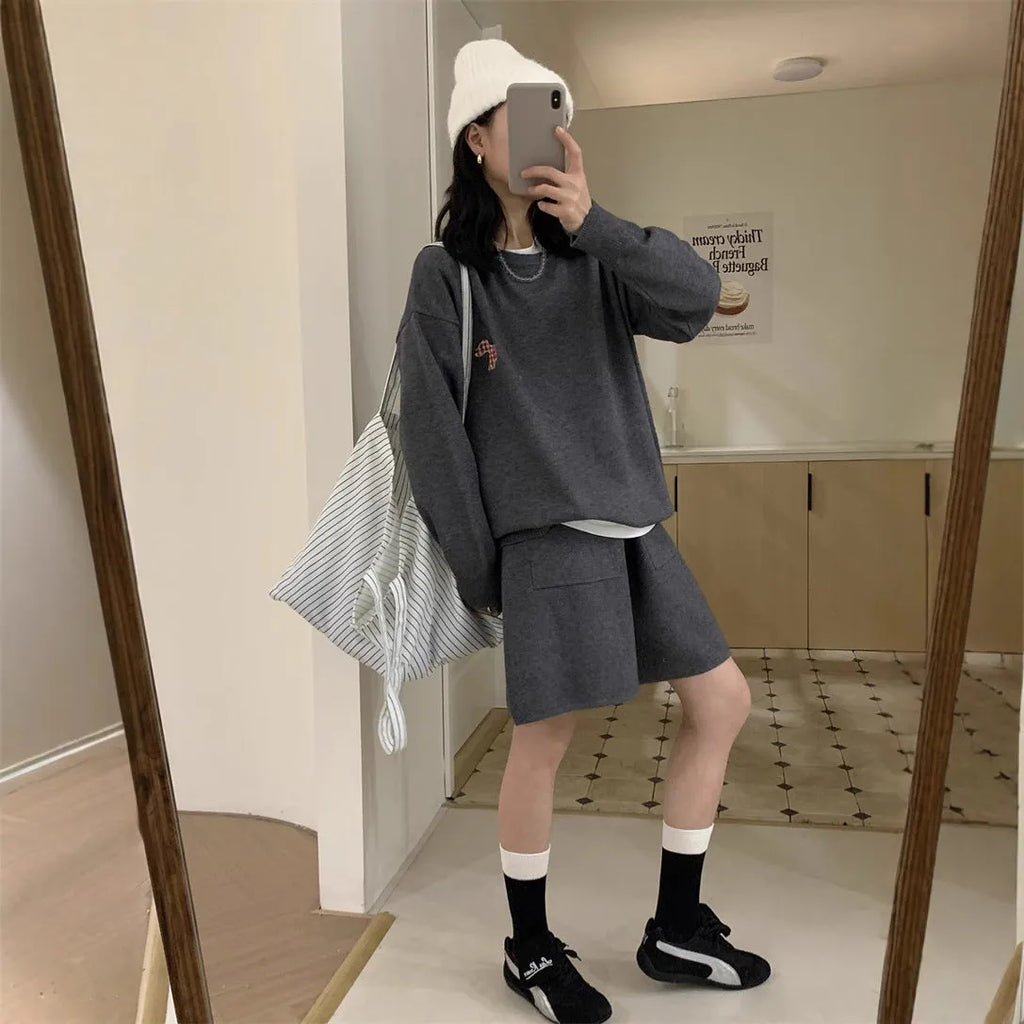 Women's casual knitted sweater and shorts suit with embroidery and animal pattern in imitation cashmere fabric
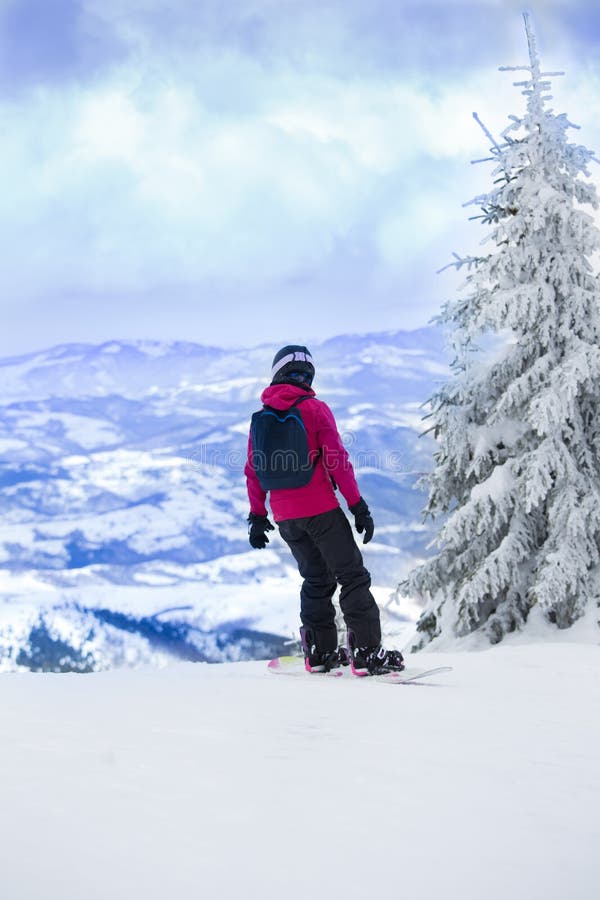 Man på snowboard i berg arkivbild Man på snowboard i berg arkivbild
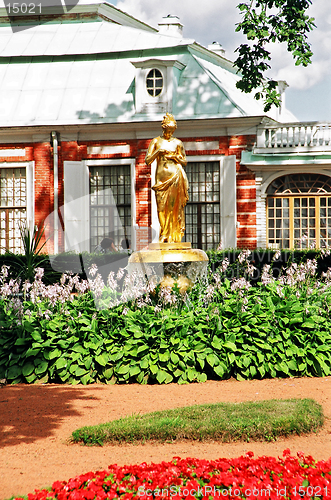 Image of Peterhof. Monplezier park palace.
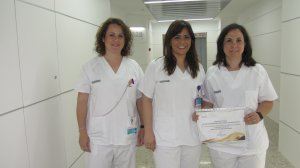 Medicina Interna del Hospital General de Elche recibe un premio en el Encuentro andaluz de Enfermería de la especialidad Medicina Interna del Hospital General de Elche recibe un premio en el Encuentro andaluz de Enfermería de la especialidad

• _PROBLEM TO SOLVE_: Your copy should run from the line that has "Man på snowboard i berg arkivbild Man" through the last line above, exactly, with both ends in and pictures out.

• _TASK RESULT_:
 Man på snowboard i berg arkivbild Man på snowboard i berg arkivbild
 Image of Peterhof. Monplezier park palace.
 Medicina Interna del Hospital General de Elche recibe un premio en el Encuentro andaluz de Enfermería de la especialidad Medicina Interna del Hospital General de Elche recibe un premio en el Encuentro andaluz de Enfermería de la especialidad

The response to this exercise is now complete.